Surat itu menyatakan bahwa Rachmat adalah putra Abu Gafur. Sejenak lamanya
Poernomo membaca surat itu, tetapi kemudian ia berkata, "Saya belum
percaya. Siapa tahu surat ini telah dipalsu. Nanti malam saya akan menyuruh
seluruh karyawan untuk berkumpul, dan Saudara boleh bicara dengan mereka. Nanti
kita akan melihat, apakah mereka percaya bahwa Saudara adalah putra Abu
Gafur."
Malam hari itu lebih dari 1.000
orang pegawai berkumpul. Poernomo memperkenalkan Rachmat Hidayat dan mengatakan
bahwa Rachmat mengaku sebagai putra Abu Gafur. Selanjutnya Rachmat
dipersihlakan untuk menjawab semua pertanyaan yang akan diajukan oleh para
pekerja itu. Rachmat mulai dengan berkata bahwa ia membawa salam dari ayahnya,
dan bahwa ia dan ayahnya mengharapkan mereka semua dalam keadaan baik-baik, dan
bahwa baik ayahnya maupun ia sendiri merasa berterima kasih atas pekerjaan yang
telah mereka lakukan di perkebunan selama ini. Kemudian ia memberitahukan
mereka bahwa selama 69 tahun ini ayahnya telah menerima pembagian keuntungan
sebesar lima persen setiap tahun, tetapi mulai sekarang Pak Gafur bersedia
menurunkan hak tahunannya menjadi dua persen saja.

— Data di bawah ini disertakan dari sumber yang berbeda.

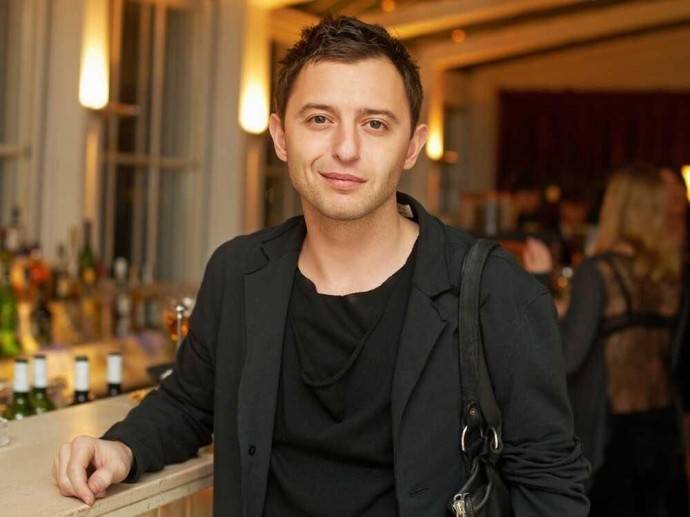 Рома Зверь засудил элитную гимназию, в которой учатся его дочери Рома Зверь засудил элитную гимназию, в которой учатся его дочери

Baru saja ia mengatakan
demikian, tiba-tiba suasana menjadi gaduh karena orang-orang berteriak,
"Tidak, Kami tidak percaya Saudara putra Abu Gafur! Jangan kira kami akan
membayar Saudara, biar lima persen atau dua persen! Tidak sepeser pun akan kami
berikan kepadamu! Ini adalah perkebunan milik kami sendiri! Kami tidak mengenal
Saudara, kami juga tidak mengenal siapa itu Abu Gafur!" Suasana menjadi
ribut sekali. Hati Rachmat menjadi ciut. Ia segera melangkah keluar dari gedung
pertemuan, maksudnya untuk meninggalkan perkebunan dan meminta bantuan dari
polisi setempat. Sementara ia berjalan menuju pintu keluar, orang-orang bersiul
dan menyoraki dia, bahkan ada yang meludahinya. Belum sampai di pintu,
seseorang memukul dia dan seorang yang lain menjatuhkan dia ke lantai. Lalu
mereka beramai-ramai menyerang dia dan menginjak-injak badannya. Rachmat
berteriak keras meminta mereka berhenti. Tetapi mereka tidak mau berhenti,
bahkan ada yang menendang kepalanya dan mukanya, sehingga berlumuran darah.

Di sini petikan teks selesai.